A £6.8m research centre which aims to develop new plants and crops has been opened at Aberystwyth University. The National Plant Phenomics Centre provides a step change in the way plant biology is implemented. The high throughput part allows whole populations of plants, such as breeding populations, mapping experiments, natural diversity collections, and mutant collections, to be analysed in parallel and under multiple defined environments.
Scientists will use the centre to ask questions about plant characteristics – everything from growth rate to water use to formation useful metabolites – and how these physical parameters are affected by genes, the environment and the interplay between the two. The answers will feedback into twenty-first century food security challenges and the need for better, more efficient biofuels among other projects. The NPPC will be fully operational in 2013 and is part of IBERS, which receives strategic funding from BBSRC.
Plants are used for more than just food. They provide clothing, lubricant oils, medicinal ingredients, ropes and twine, paper, logs for heating, and biofuels too. Improving plants, however, still comes down to measuring physical aspects of the organism: height, growth rate, number of flowers, leaf shape. But until now, collecting this vast array of information has mostly been done by hand or automated only on a small scale.

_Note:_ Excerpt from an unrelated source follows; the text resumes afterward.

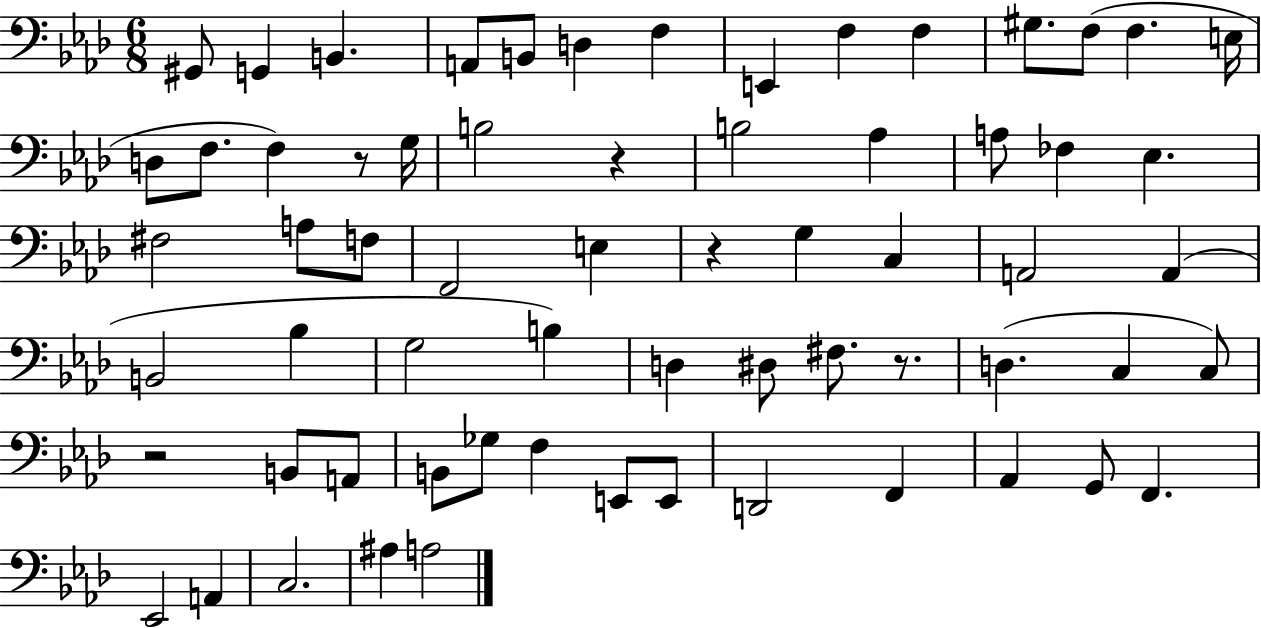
G#2/e G2/q B2/q. A2/e B2/e D3/q F3/q E2/q F3/q F3/q G#3/e. F3/e F3/q. E3/s D3/e F3/e. F3/q R/e G3/s B3/h R/q B3/h Ab3/q A3/e FES3/q Eb3/q. F#3/h A3/e F3/e F2/h E3/q R/q G3/q C3/q A2/h A2/q B2/h Bb3/q G3/h B3/q D3/q D#3/e F#3/e. R/e. D3/q. C3/q C3/e R/h B2/e A2/e B2/e Gb3/e F3/q E2/e E2/e D2/h F2/q Ab2/q G2/e F2/q. Eb2/h A2/q C3/h. A#3/q A3/h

To collect such a wealth of data, the NPPC has an extensive floor space the size of three tennis courts (750m2). It’s been designed for ‘medium’-sized plants such as the small grain cereals (wheat, barley, oats) and oilseed rape but can also handle smaller forage grasses and larger plants like maize and Miscanthus. What’s special are the automated imaging chambers that can record in everything from infra-red to ultra-violet light to obtain information on the physiology of plants, such as organ temperature, water content and photosynthetic activity, as well as their shape and size. One can imagine extending this approach to almost any trait for which variation exists within the breeding population of almost any crop.
This large scale multiplicity of 880 carriages (for up to 3400 plants) and five imaging chambers working simultaneously. A key part of the NPPC’s work will be the identification of useful alleles [gene variants] or more likely combinations of alleles, that produce desirable physical traits, or phenotypes as they are known. Tracking these are other genetic markers of known DNA will allow molecular breeding techniques to be applied to a wider range of traits, and for this reason the NPPC is located next door to the Translational Genomics Lab where plants will be genotyped using the latest technology.
This new activity in ‘phenomics’ has been driven by the incredible advances seen in genomics over the past decade. Defining the genetic characteristics of an organism by DNA sequencing at the molecular level has gone from years and millions of dollars to just a few hours and hundreds. But plant and animal features cannot be characterised at the organismal level in the same way. The NPPC presents a means to remedy this discrepancy by integrating automated plant handling and environmental control with computer vision and machine-learning approaches.
One of the aims of the NPPC is to establish standards for objective phenotyping in plant biology, which has often been subjective, while associated environmental metadata can be inaccurate, incomplete or lacking. The controlled environment of the NPPC can counter this. Data can also be combined with programmes closer to home at IBERS. One example is the BEACON Project which aims to develop new ways of converting crops such as rye grass, oats and Miscanthus into products including pharmaceuticals, fuels and cosmetics; BEACON uses fundamental bioscience advances previously funded by BBSRC.